Infractions routières : obligation pour les employeurs de dénoncer leurs salariés à compter du 1er janvier 2017.

A compter du 1er janvier 2017, l’employeur-délateur devra révéler l’identité du salarié-chauffard ayant commis certaines infractions routières avec un véhicule de société. Après un arrêté du 15 décembre 2016 (J.O.R.F. du 22/12/2016) précisant les modalités pratiques de cette dénonciation, un décret n°2016-1955 du 28 décembre 2016 listant les infractions concernées est paru au Journal Officiel du 30 décembre 2016. Présentation d’une réforme censée réduire la délinquance routière et qui risque de tendre le climat social dans de nombreuses entreprises…

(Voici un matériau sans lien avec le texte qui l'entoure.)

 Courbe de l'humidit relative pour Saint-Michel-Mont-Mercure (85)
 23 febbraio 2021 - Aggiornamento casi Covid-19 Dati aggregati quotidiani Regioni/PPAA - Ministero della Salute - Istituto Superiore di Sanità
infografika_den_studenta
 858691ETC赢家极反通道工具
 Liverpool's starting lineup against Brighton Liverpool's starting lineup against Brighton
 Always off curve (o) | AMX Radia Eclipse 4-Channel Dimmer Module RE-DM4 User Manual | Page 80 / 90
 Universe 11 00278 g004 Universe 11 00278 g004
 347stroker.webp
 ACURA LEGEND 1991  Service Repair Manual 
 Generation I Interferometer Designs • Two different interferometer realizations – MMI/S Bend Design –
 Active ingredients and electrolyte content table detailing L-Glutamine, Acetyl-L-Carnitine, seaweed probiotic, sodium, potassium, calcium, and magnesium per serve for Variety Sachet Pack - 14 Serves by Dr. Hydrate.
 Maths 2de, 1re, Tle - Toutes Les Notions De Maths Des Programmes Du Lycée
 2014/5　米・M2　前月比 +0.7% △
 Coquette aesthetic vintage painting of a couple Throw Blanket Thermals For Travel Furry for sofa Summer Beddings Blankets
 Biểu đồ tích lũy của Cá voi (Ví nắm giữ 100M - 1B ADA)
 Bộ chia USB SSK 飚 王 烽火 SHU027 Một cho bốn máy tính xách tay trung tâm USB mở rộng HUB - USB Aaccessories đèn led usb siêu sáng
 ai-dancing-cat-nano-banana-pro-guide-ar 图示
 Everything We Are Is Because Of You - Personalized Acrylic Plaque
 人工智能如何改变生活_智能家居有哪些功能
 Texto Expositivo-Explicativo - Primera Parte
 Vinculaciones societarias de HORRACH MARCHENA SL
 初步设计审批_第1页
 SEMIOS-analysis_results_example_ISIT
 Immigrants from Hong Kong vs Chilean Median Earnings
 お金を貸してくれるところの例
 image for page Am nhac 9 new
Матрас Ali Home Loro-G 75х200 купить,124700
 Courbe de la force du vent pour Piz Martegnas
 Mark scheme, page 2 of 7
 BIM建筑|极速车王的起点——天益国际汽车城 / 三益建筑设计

L’article L 121-6 du Code de la route dispose à compter du 1er janvier 2017 que :
« Lorsqu’une infraction constatée selon les modalités prévues à l’article L. 130-9 a été commise avec un véhicule dont le titulaire du certificat d’immatriculation est une personne morale ou qui est détenu par une personne morale, le représentant légal de cette personne morale doit indiquer, par lettre recommandée avec demande d’avis de réception ou de façon dématérialisée, selon des modalités précisées par arrêté, dans un délai de quarante-cinq jours à compter de l’envoi ou de la remise de l’avis de contravention, à l’autorité mentionnée sur cet avis, l’identité et l’adresse de la personne physique qui conduisait ce véhicule, à moins qu’il n’établisse l’existence d’un vol, d’une usurpation de plaque d’immatriculation ou de tout autre événement de force majeure.
Le fait de contrevenir au présent article est puni de l’amende prévue pour les contraventions de la quatrième classe
. »

A compter du 1er janvier 2017, la loi impose donc, dans un certain nombre de cas, aux employeurs propriétaires de véhicules utilisés par leurs salariés de révéler l’identité du conducteur ayant commis une infraction routière.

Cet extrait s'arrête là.